Posted: 02 Oct 2014 01:11 AM PDT

Psalm 107:2

Let the redeemed of the Lord say so, whom he hath redeemed from the hand of the enemy,” Psalm 107:2.

In 2007, I was on a trip with a group of college students from my church. We were staying the night in a hotel in Jackson, Mississippi when we were awakened early in the morning to the sound of screams and chaos. When I made my way out the door of my room to see what was going on, I noticed two girls from our group dragging a child’s body out of a pool and another of our girls performing CPR on another child.

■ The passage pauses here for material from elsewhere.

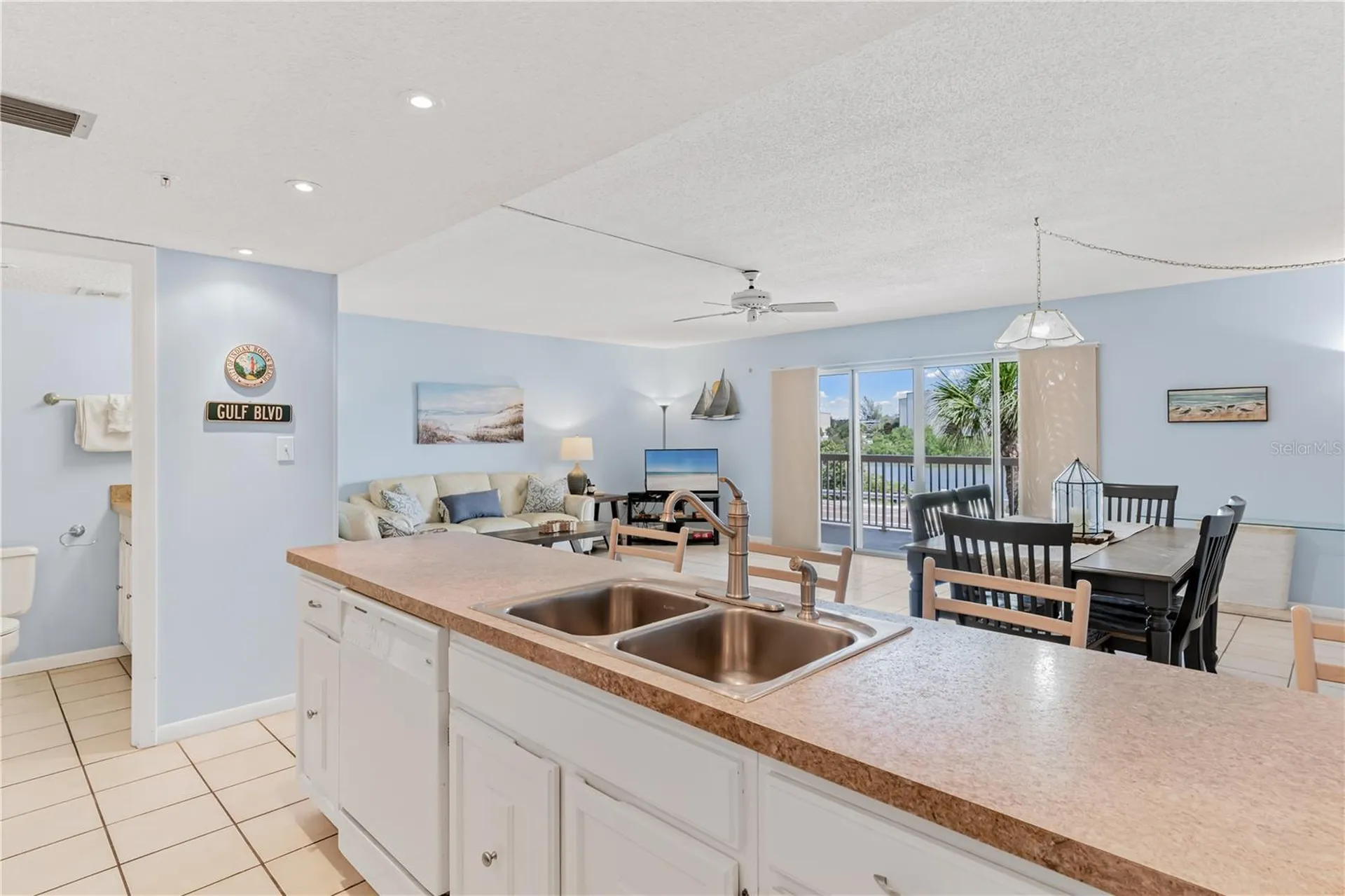 50 Gulf Boulevard Indian Rocks Beach FL 33785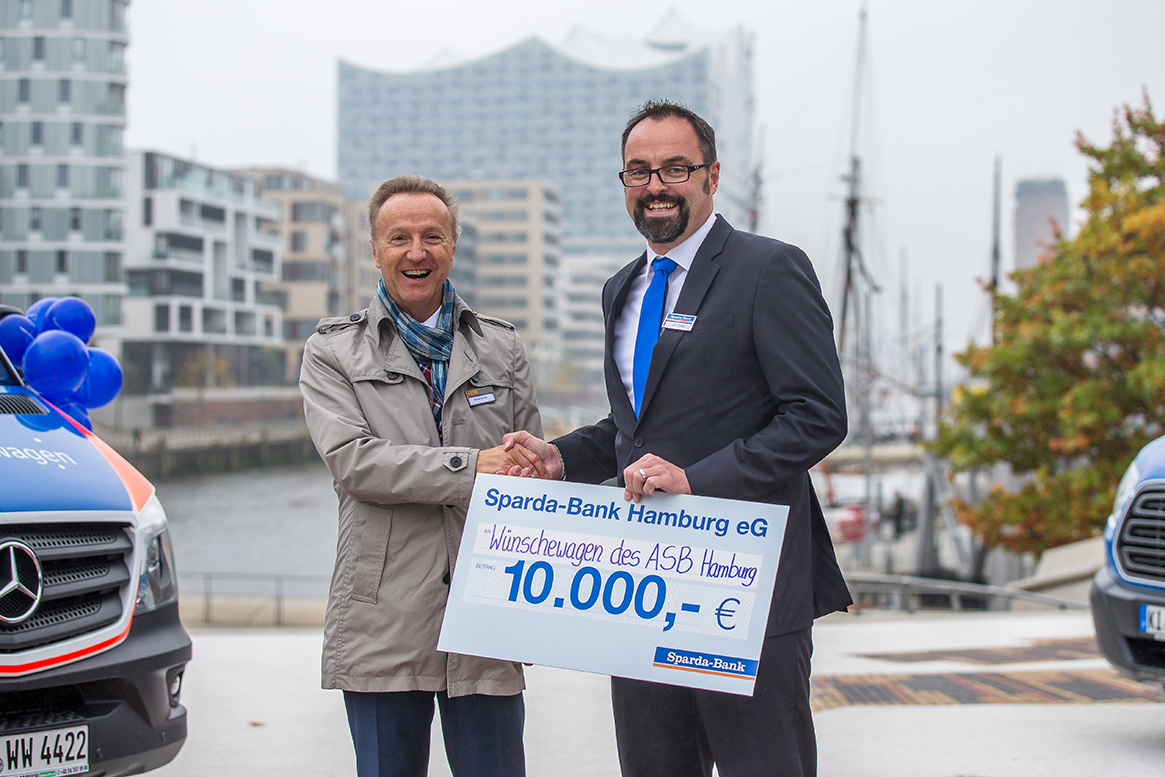 ASB_Wuenschewagen_Hamburg_startet_am_Welthospiztag_2017_3.jpg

Once the rescue responders arrived and relieved our girls I learned exactly what had happened. Two young children had snuck out of their hotel room and decided to go for a swim. When one of the children got caught in a rope in the pool the other jumped in to help. Both kids were unable to swim and would have drowned if not for the actions of a few girls from our group. The kids’ lives were saved as a result of the quick actions of these outstanding ladies. The story made the news both in Mississippi and back in our hometown in Arkansas because stories of rescue are worth telling.

Redeemed: the Hebrew word for redeemed, padah, brings the idea of rescue or protection. In today’s verse we are commanded that the “redeemed” of the Lord should “say so.” We learn that those who have been rescued and protected by God should speak up and speak out! Has the Lord redeemed you?

If so, then say so! We have been redeemed not only from our enemies, but also from the enemy. We have been redeemed from sin! That is a story of redemption.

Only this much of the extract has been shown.